■ TASK PROMPT:
Determine how many lines in the listing contain the string "iPhone"; respond with the number alone.

■ THE DATA:
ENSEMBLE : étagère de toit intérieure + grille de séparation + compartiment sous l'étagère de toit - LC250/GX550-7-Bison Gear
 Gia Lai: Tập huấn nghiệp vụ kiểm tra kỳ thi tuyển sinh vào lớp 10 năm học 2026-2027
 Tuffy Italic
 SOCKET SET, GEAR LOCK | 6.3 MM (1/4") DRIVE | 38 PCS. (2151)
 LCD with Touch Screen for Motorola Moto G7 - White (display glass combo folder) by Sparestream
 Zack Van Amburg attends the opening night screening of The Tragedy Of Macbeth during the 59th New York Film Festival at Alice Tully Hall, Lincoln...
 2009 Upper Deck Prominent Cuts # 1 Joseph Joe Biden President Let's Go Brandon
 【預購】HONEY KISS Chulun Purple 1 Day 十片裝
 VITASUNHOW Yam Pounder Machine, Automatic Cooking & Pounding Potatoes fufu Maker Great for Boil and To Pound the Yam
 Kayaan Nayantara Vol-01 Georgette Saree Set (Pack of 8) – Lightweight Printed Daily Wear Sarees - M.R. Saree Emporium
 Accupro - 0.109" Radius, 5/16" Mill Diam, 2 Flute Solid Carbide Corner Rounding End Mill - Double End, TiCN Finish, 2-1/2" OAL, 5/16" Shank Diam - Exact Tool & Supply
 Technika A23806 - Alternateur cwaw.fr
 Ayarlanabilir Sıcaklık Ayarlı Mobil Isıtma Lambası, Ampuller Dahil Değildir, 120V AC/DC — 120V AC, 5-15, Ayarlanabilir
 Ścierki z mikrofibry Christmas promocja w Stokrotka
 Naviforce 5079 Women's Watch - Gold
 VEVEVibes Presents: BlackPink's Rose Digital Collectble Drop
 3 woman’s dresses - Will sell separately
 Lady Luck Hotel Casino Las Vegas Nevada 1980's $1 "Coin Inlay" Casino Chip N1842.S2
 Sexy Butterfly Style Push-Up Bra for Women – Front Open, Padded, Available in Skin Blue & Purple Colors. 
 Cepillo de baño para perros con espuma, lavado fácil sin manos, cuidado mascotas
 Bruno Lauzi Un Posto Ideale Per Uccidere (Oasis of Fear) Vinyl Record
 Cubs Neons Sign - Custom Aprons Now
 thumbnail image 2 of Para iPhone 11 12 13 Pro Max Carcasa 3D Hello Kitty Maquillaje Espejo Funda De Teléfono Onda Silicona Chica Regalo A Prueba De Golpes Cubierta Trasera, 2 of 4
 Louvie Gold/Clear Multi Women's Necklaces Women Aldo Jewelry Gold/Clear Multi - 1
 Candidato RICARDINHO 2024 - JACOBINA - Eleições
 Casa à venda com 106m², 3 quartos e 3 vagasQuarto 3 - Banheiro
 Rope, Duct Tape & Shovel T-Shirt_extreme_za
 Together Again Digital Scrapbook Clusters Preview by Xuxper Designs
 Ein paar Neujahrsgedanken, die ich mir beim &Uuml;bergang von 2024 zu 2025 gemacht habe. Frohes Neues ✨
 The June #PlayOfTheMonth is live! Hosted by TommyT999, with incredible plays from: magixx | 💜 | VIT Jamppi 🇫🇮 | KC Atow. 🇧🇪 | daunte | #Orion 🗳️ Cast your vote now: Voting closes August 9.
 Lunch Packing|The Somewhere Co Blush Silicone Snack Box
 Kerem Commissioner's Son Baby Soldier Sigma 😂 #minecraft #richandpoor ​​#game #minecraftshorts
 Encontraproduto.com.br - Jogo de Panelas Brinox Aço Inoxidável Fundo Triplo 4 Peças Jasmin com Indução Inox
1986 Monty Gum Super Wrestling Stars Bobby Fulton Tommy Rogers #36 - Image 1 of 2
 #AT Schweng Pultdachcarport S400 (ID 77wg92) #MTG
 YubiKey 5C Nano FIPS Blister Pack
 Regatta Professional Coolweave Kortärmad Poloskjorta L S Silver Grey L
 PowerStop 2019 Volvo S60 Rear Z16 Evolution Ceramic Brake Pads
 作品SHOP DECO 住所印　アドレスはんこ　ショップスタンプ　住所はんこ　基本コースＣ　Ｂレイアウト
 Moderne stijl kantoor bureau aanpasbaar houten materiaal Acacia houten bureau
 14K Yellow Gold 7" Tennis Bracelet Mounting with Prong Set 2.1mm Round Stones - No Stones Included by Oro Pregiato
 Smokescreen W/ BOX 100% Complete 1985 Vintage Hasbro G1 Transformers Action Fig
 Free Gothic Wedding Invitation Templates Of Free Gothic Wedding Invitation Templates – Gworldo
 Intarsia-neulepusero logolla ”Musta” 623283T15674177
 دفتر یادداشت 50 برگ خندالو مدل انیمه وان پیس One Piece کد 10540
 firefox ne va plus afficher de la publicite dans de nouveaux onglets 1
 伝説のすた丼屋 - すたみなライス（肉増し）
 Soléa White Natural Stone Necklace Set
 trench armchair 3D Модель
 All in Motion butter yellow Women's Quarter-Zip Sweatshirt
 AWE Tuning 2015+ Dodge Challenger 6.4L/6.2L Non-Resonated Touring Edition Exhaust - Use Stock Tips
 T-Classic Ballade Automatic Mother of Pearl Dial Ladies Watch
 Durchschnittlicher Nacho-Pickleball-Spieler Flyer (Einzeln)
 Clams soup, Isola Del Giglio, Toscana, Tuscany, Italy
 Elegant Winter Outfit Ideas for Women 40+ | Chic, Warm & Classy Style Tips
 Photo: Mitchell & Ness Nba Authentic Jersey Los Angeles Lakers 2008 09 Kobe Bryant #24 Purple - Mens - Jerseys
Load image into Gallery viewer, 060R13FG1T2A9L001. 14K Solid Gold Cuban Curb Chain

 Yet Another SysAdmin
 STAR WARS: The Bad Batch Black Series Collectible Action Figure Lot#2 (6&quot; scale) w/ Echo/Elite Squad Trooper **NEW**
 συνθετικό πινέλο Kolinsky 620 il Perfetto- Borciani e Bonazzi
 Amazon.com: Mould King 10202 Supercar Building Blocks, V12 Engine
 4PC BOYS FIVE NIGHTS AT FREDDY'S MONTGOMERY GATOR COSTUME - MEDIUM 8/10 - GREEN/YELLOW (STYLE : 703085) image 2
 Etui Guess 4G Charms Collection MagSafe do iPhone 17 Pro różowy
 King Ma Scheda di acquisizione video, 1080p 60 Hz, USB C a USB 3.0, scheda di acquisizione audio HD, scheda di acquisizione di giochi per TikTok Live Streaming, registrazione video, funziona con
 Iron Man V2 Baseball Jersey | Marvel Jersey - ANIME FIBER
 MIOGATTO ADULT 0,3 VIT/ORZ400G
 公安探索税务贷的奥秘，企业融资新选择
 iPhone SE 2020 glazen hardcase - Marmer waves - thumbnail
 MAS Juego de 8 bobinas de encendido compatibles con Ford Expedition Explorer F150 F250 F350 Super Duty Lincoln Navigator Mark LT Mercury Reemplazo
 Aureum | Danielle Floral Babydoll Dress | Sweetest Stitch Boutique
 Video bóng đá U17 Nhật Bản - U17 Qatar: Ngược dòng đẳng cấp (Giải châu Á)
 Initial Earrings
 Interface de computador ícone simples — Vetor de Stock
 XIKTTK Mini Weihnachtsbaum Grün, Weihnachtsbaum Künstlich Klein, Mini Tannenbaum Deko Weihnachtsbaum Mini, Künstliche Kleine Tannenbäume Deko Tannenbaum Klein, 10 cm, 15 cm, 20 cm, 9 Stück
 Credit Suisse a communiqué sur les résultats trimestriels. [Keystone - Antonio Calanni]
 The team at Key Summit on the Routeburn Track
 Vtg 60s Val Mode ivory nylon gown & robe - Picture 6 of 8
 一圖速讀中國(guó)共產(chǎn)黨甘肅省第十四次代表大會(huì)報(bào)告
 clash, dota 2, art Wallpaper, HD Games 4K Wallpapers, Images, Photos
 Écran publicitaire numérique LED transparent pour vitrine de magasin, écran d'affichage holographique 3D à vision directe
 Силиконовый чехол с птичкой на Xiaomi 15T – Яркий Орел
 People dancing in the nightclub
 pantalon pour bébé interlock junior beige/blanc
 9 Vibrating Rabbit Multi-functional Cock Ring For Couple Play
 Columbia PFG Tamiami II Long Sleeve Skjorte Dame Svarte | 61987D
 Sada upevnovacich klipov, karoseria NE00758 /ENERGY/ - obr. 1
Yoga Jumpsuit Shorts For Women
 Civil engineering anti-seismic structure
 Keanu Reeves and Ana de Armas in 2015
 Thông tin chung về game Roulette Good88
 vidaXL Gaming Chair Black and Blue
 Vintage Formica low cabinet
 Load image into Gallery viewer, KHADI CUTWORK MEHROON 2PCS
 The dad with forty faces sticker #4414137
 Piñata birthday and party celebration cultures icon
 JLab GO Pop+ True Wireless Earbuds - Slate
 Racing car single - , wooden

■ SOLUTION TO THIS EXERCISE:
3